### Records for the task
[Start of section]
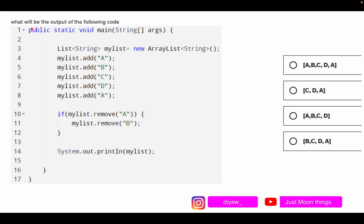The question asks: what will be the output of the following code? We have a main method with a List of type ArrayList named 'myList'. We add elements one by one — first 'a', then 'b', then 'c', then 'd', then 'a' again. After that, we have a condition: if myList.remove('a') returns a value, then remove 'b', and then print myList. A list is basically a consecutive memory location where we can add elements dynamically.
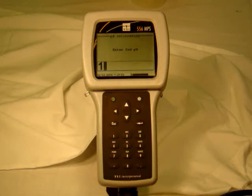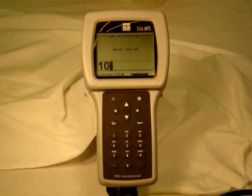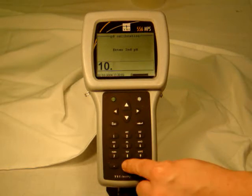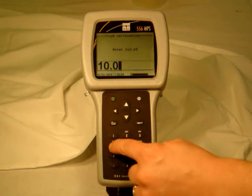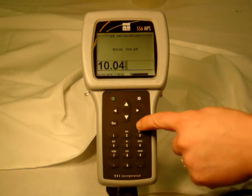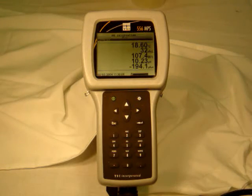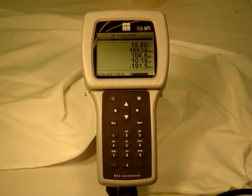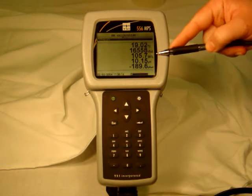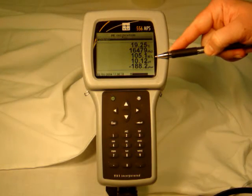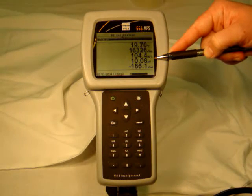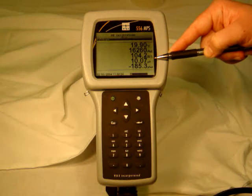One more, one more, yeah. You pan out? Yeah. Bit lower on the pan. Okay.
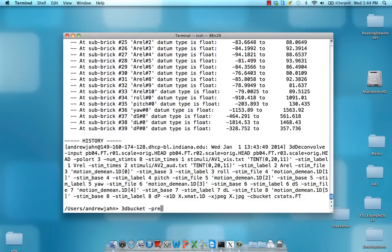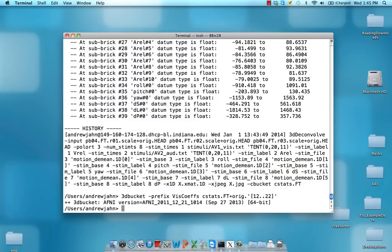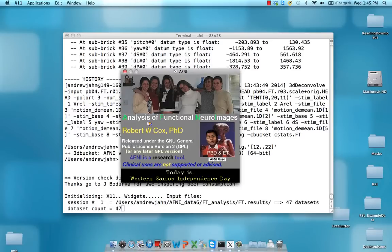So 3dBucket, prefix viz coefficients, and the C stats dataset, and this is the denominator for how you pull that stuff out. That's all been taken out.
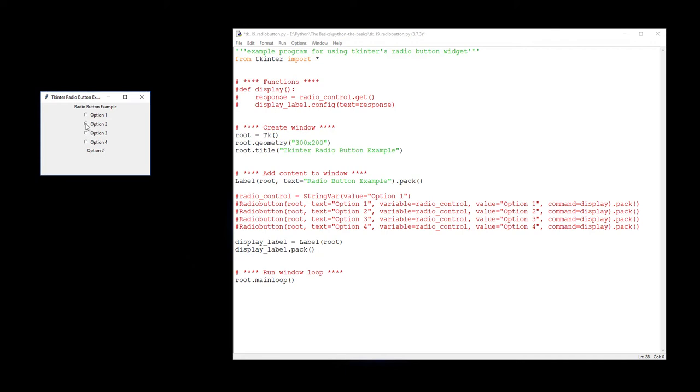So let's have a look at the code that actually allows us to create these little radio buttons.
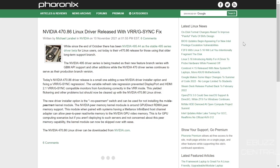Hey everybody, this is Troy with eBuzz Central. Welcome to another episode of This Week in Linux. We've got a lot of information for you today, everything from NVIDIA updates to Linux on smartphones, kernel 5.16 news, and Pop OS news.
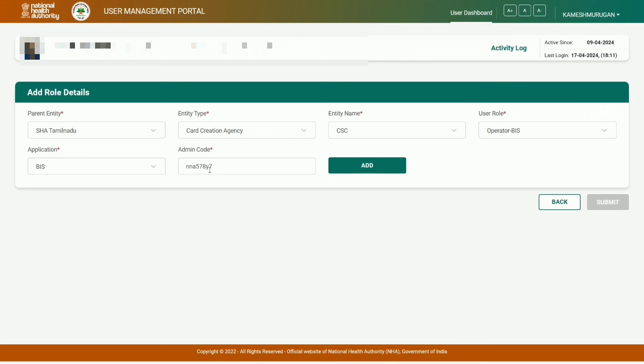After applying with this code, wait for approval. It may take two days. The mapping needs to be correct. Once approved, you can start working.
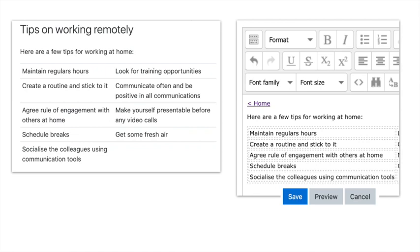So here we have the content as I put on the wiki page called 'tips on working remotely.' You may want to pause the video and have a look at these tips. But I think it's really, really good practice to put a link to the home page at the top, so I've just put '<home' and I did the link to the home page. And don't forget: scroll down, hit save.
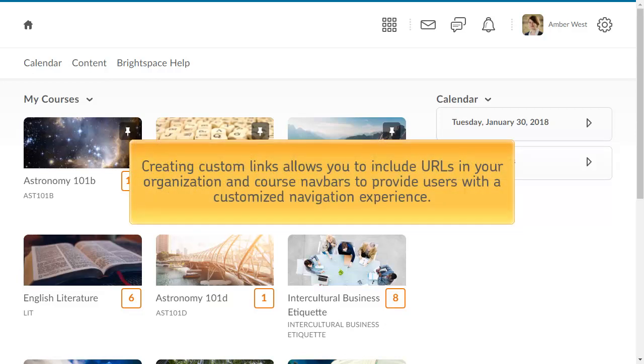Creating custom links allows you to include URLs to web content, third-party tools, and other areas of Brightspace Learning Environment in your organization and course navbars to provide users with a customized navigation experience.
[End of section]
### Task to carry out
With pictures left out, transcribe each line from the one containing "Hey everybody, this" through the end of the data, both ends included.

### Task solution
Hey everybody, this is Troy with eBuzz Central. Welcome to another episode of This Week in Linux. We've got a lot of information for you today, everything from NVIDIA updates to Linux on smartphones, kernel 5.16 news, and Pop OS news.
After applying with this code, wait for approval. It may take two days. The mapping needs to be correct. Once approved, you can start working.
So here we have the content as I put on the wiki page called 'tips on working remotely.' You may want to pause the video and have a look at these tips. But I think it's really, really good practice to put a link to the home page at the top, so I've just put '<home' and I did the link to the home page. And don't forget: scroll down, hit save.
Creating custom links allows you to include URLs to web content, third-party tools, and other areas of Brightspace Learning Environment in your organization and course navbars to provide users with a customized navigation experience.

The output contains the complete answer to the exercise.